### Entries shown:
=== Section Start ===

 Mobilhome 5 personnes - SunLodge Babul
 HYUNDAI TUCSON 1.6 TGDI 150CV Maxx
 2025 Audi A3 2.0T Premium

=== Section End ===
=== Section Start ===

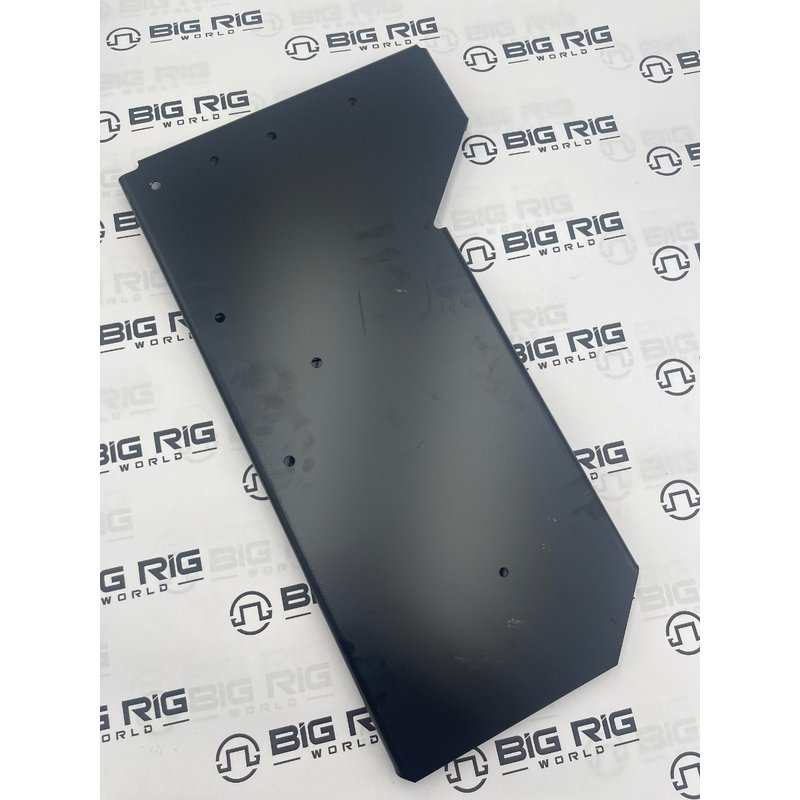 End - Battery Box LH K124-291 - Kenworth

=== Section End ===

### What to produce:
The output should be exactly the lines above from the line containing "Mobilhome 5 personnes - SunLodge Babul" to the line containing "2025 Audi A3 2.0T Premium", inclusive, with no other lines.

### Response to this task:
 Mobilhome 5 personnes - SunLodge Babul
 HYUNDAI TUCSON 1.6 TGDI 150CV Maxx
 2025 Audi A3 2.0T Premium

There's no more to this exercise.